Common Scan Examples

# Human-readable output
actionscope scan .

# CI JSON output
actionscope scan . --output-format json --output-file actionscope.json

# GitHub Code Scanning SARIF
actionscope scan . --output-format sarif --output-file actionscope.sarif

# Fail CI on high or critical findings
actionscope scan . --fail-on high

# Compare with the previous scan
actionscope scan . --load-state --save-state

# Inspect external reusable workflows referenced by jobs.<id>.uses.
# This example assumes GITHUB_TOKEN is already configured in the environment.
actionscope scan . --github-token "$GITHUB_TOKEN"

# Guarantee that ambient credentials cannot trigger API calls
actionscope scan . --offline

actionscope update-db [OPTIONS]

Fetch GitHub Actions malware advisories and write a merged local cache. This is the only command that refreshes advisory data; normal scans never update it in the background.

actionscope update-db
actionscope update-db --ttl-hours 12

The updater always preserves the bundled curated entries. GitHub's global malware advisory endpoint is the primary feed. The OpenSSF malicious-packages repository is probed conditionally and skipped cleanly while it has no stable GitHub Actions feed.

Flag Default Description Example
--github-token $GITHUB_TOKEN Token for higher GitHub API rate limits. actionscope update-db --github-token "$GITHUB_TOKEN"
--cache-file ~/.actionscope/compromised_actions_cache.json Override the local cache path. actionscope update-db --cache-file /tmp/actions.json
--ttl-hours 24 Number of hours the cache remains fresh. actionscope update-db --ttl-hours 12

actionscope report [JSON_FILE] [OPTIONS]

Render a previously saved ActionScope JSON result without re-scanning.

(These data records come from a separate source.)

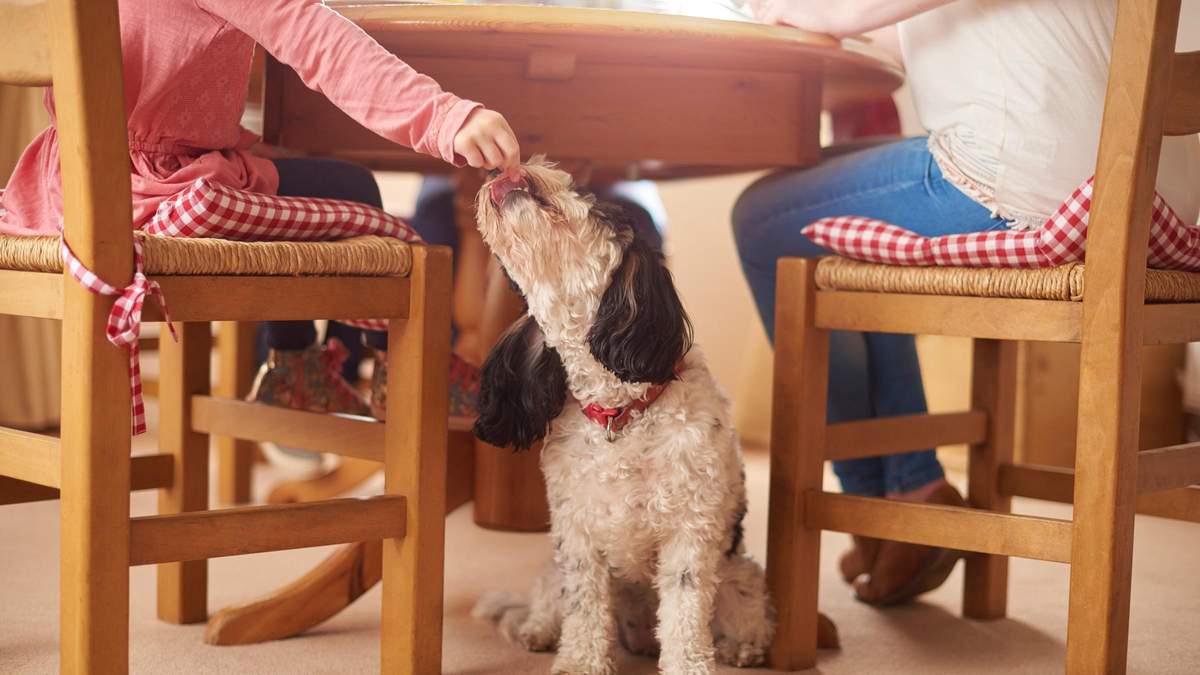 Холодець, майонез та горіхи: який негативний вплив на собак та кішок мають страви "зі столу" - Pets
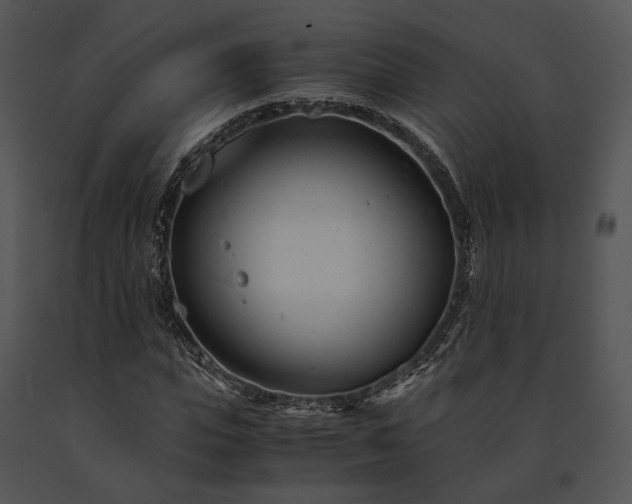 X0000091660823200708301437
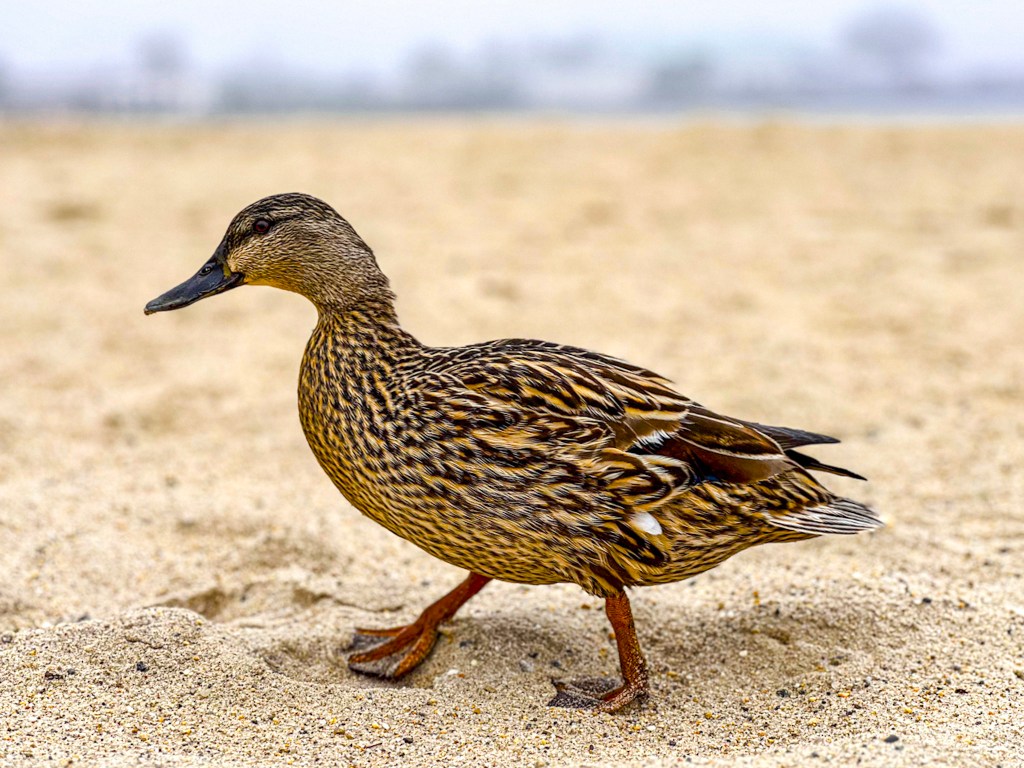 (PHOTO: Duck Walk. A duck strolling along the beachfront. By Markus Peters.)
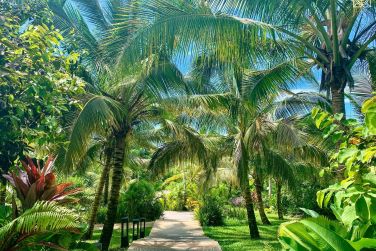 photo Zuri Zanzibar Hotel & Resort Zanzibar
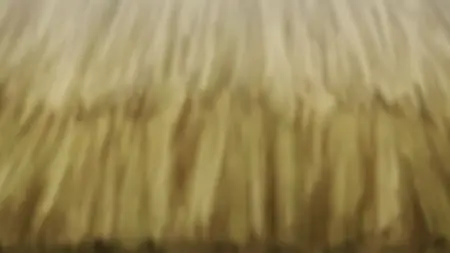 S01E01-The Harvest Festival and the Crowded Driver's Box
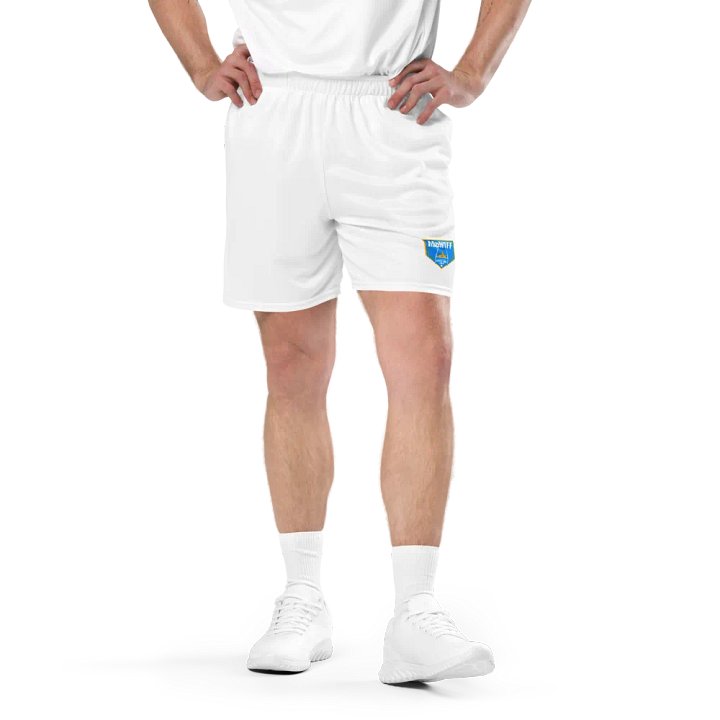 Main Logo Mesh Shorts product image (1)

actionscope report scan.json --format markdown
actionscope report --from-json scan.json --format sarif

Arguments

Argument Default Description Example
JSON_FILE none Saved JSON result from actionscope scan --output-format json. actionscope report scan.json

Options

Flag Short Default Description Example
--from-json none none Alternate way to provide the saved JSON file. actionscope report --from-json scan.json
--format -f markdown Render as markdown, terminal, json, or sarif. actionscope report scan.json -f terminal

Planned Commands

The roadmap issues below are open, but these commands are not implemented in the current release:

Command Status Tracking issue
actionscope trend Planned GitHub issue: historical risk tracking and trend reporting
actionscope pin Not implemented; current support is scan --resolve-pins GitHub issue: auto-pin resolver follow-ups

Exit Codes

Code Meaning
0 Scan completed and did not meet the --fail-on threshold.
1 Scan completed and overall risk met or exceeded --fail-on.
2 CLI usage or report-file read error.

Environment Variables

Variable Used by Description
GITHUB_TOKEN --resolve-pins, reusable workflow inspection Authenticates GitHub API calls for tag resolution and access to external reusable workflow YAML.
ACTIONSCOPE_COMPROMISED_DB_CACHE scan, update-db Override the compromised-action cache path. Primarily useful for CI and tests.
AWS_ACCESS_KEY_ID, AWS_SECRET_ACCESS_KEY, AWS profile variables --aws-verify Standard AWS SDK credential sources used by boto3.